Closed agui2200 closed 1 year ago
Yeah, I think I found the same problem. Was testing a proxy which uses this library:
goroutine 1298 [IO wait, 9 minutes]:
internal/poll.runtime_pollWait(0x7f6072fcaad0, 0x72)
/home/jsn/sdk/go1.19.3/src/runtime/netpoll.go:305 +0x89
internal/poll.(*pollDesc).wait(0xc00105f480?, 0xc001468000?, 0x0)
/home/jsn/sdk/go1.19.3/src/internal/poll/fd_poll_runtime.go:84 +0x32
internal/poll.(*pollDesc).waitRead(...)
/home/jsn/sdk/go1.19.3/src/internal/poll/fd_poll_runtime.go:89
internal/poll.(*FD).Read(0xc00105f480, {0xc001468000, 0xa000, 0xa000})
/home/jsn/sdk/go1.19.3/src/internal/poll/fd_unix.go:167 +0x25a
net.(*netFD).Read(0xc00105f480, {0xc001468000?, 0xc000c45000?, 0xc00146ffc3?})
/home/jsn/sdk/go1.19.3/src/net/fd_posix.go:55 +0x29
net.(*conn).Read(0xc0001342a0, {0xc001468000?, 0xc001124828?, 0xc001124808?})
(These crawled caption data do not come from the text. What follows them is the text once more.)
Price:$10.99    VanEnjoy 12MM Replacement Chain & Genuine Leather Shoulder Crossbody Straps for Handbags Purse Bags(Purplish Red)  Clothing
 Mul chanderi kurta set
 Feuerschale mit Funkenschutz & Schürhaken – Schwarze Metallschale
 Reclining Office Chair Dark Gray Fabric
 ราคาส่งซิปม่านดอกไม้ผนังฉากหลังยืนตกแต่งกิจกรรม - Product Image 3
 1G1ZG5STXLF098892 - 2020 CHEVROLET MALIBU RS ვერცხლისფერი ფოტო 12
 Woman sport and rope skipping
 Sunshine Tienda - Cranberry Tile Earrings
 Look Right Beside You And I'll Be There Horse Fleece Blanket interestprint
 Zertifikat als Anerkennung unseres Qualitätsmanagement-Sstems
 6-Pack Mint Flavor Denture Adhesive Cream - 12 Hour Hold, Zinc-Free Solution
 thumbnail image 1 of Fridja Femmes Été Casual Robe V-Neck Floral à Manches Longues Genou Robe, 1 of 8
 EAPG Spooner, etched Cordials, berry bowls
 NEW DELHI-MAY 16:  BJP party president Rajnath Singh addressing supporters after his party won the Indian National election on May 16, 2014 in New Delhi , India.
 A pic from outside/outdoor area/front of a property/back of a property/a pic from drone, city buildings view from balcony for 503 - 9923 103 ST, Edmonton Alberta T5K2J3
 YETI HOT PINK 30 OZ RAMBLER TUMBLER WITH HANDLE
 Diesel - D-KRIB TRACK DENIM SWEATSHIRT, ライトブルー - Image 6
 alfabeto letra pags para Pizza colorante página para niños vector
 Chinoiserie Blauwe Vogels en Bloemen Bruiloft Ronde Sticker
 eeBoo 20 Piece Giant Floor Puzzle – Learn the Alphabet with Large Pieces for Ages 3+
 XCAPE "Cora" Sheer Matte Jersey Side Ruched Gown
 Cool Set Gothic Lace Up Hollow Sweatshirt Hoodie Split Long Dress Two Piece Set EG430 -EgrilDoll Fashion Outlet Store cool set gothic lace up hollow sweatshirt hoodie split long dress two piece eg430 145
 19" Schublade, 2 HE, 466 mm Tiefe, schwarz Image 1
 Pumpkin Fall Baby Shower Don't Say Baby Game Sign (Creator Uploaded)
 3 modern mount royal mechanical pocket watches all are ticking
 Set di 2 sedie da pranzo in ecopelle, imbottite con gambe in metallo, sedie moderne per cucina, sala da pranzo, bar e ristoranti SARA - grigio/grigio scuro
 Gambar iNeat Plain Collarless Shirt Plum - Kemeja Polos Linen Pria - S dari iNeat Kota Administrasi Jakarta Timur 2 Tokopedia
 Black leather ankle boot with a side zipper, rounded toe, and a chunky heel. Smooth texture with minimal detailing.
/home/jsn/sdk/go1.19.3/src/net/net.go:183 +0x45
github.com/bogdanfinn/utls.(*atLeastReader).Read(0xc00115d5f0, {0xc001468000?, 0x0?, 0x4a5908?})
/home/jsn/go/pkg/mod/github.com/bogdanfinn/utls@v1.5.15/conn.go:791 +0x3d
bytes.(*Buffer).ReadFrom(0xc0011322b0, {0xa60940, 0xc00115d5f0})
/home/jsn/sdk/go1.19.3/src/bytes/buffer.go:202 +0x98
github.com/bogdanfinn/utls.(*Conn).readFromUntil(0xc001132000, {0xa60be0?, 0xc0001342a0}, 0x7f607b9c1fff?)
/home/jsn/go/pkg/mod/github.com/bogdanfinn/utls@v1.5.15/conn.go:813 +0xe5
github.com/bogdanfinn/utls.(*Conn).readRecordOrCCS(0xc001132000, 0x0)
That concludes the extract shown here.